┌──

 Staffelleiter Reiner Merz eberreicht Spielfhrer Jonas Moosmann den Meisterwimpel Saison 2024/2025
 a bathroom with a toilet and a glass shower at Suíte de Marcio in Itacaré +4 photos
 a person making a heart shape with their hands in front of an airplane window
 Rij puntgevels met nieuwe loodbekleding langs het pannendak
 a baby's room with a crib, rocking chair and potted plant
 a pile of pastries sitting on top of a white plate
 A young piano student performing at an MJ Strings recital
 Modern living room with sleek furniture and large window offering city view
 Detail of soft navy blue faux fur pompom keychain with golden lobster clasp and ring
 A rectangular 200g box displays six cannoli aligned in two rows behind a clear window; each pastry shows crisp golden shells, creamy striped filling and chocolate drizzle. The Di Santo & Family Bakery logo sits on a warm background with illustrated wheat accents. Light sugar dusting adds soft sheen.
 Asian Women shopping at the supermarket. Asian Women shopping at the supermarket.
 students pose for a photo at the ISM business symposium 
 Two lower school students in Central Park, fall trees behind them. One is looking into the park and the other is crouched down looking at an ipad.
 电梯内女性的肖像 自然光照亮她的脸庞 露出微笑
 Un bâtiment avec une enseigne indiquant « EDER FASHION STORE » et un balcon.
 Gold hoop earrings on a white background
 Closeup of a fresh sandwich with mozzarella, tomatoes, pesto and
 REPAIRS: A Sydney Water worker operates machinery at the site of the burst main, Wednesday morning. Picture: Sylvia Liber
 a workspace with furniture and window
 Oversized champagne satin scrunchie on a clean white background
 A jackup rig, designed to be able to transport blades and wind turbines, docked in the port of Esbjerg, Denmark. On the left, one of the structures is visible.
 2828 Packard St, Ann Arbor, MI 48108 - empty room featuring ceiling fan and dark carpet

└──

=== THE PROBLEM ===
Only the stretch of lines that begins with the one holding "Two lower school" and ends with the last line above belongs in the answer; please write it out exactly.

=== ANSWER SECTION ===
 Two lower school students in Central Park, fall trees behind them. One is looking into the park and the other is crouched down looking at an ipad.
 电梯内女性的肖像 自然光照亮她的脸庞 露出微笑
 Un bâtiment avec une enseigne indiquant « EDER FASHION STORE » et un balcon.
 Gold hoop earrings on a white background
 Closeup of a fresh sandwich with mozzarella, tomatoes, pesto and
 REPAIRS: A Sydney Water worker operates machinery at the site of the burst main, Wednesday morning. Picture: Sylvia Liber
 a workspace with furniture and window
 Oversized champagne satin scrunchie on a clean white background
 A jackup rig, designed to be able to transport blades and wind turbines, docked in the port of Esbjerg, Denmark. On the left, one of the structures is visible.
 2828 Packard St, Ann Arbor, MI 48108 - empty room featuring ceiling fan and dark carpet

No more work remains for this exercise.